February 1, 2011 - The decision to stop accepting new applications from private contractors to perform passenger and baggage screening work at the nation’s airports is an important and positive step for airline security, the leader of the union representing thousands of frontline federal employees charged with this key national security activity said on Monday.   

“This decision by Transportation Security Administration (TSA) Administrator John Pistole is the right one—for the traveling public, and for TSA and its employees,” said President Colleen M. Kelley of the National Treasury Employees Union (NTEU). “It keeps this important work in the hands of federal employees, where it belongs.”  

NTEU has been leading the effort against screening privatization rather than risk returning to the days less than a decade ago when low-paid, ill-trained employees of private contractors handled air passenger screening duties. TSA was created in the wake of the Sept. 11 attacks on the United States.

Last December, for example, President Kelley wrote to the Greater Orlando Airport Authority opposing the potential use of private screeners at Orlando International Airport. She warned that privatization risks the loss of expertise and professionalism, provides no financial benefits and could open up the airport to potential liability issues. NTEU also attended a hearing on the issue and voiced its opposition to the plan.  

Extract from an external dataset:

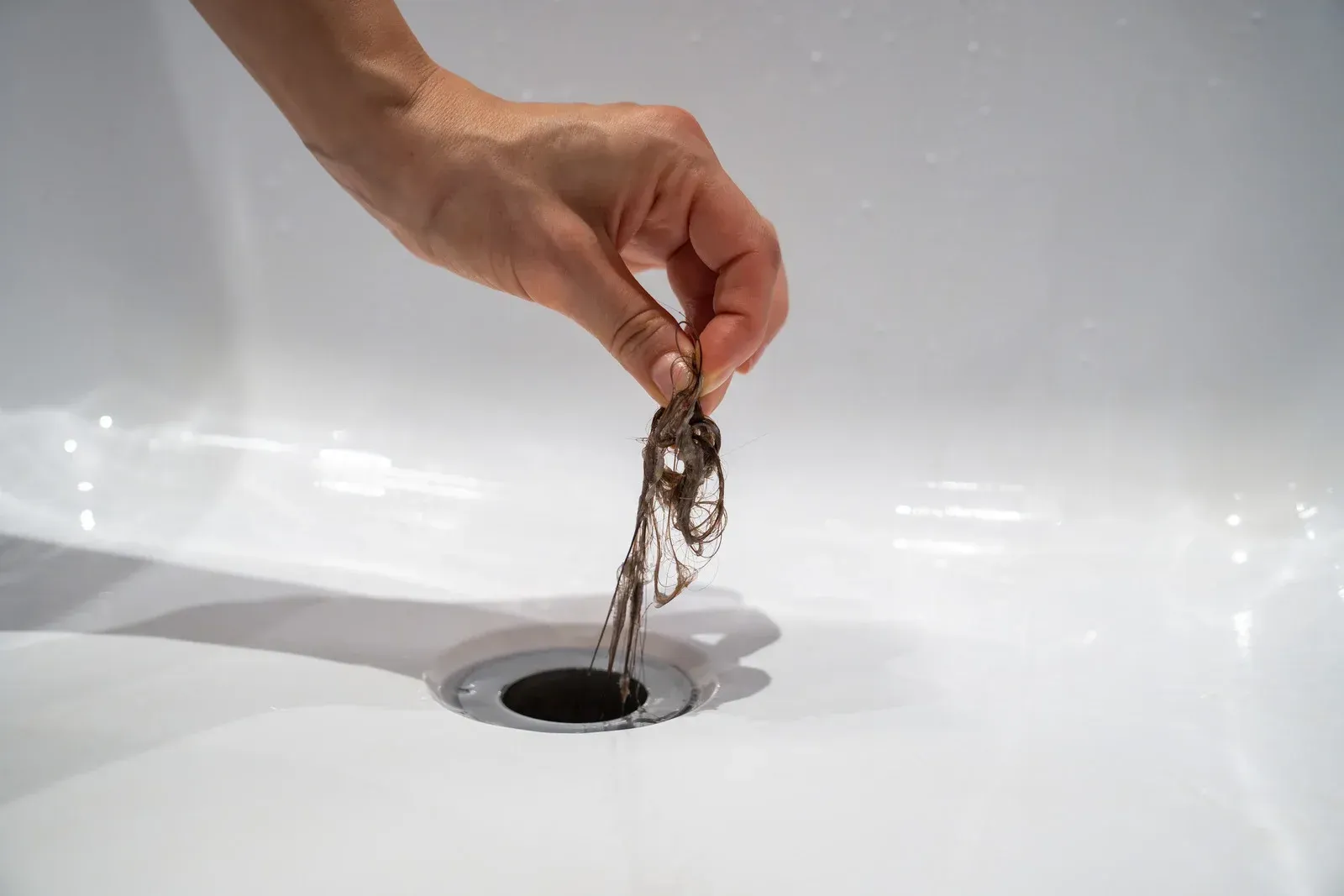 Hand holding a clump of hair over a drain in a white bathtub.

“TSA Officers have served this country and the Orlando community well for the last nine years,” the NTEU leader wrote. “I ask that you listen to these dedicated employees in identifying methods to improve security for travelers.”  

Pistole said late Friday TSA would not be accepting new applications for participation by private companies in TSA’s Screening Partnership Program (SPP), under which airports can opt-out of using TSA employees. Although only a handful of airports have opted out, there has been a call by some members of Congress seeking to expand such privatization.  

NTEU is actively organizing TSA Officers at airports across the nation; a tentative date of March 9 through April19 has been set for a union representation election in TSA which would be run by the Federal Labor Relations Authority (FLRA). The FLRA has ordered an election even though TSA employees do not yet have the right to collectively bargain a contract.

 
   

NTEU is leading the effort to secure such rights for them, working both with the administration and members of Congress on that issue. Pistole, who has the right to issue a directive granting collective bargaining rights, has been studying the matter. NTEU is the largest independent federal union, representing more than 150,000 employees in 31 agencies and departments.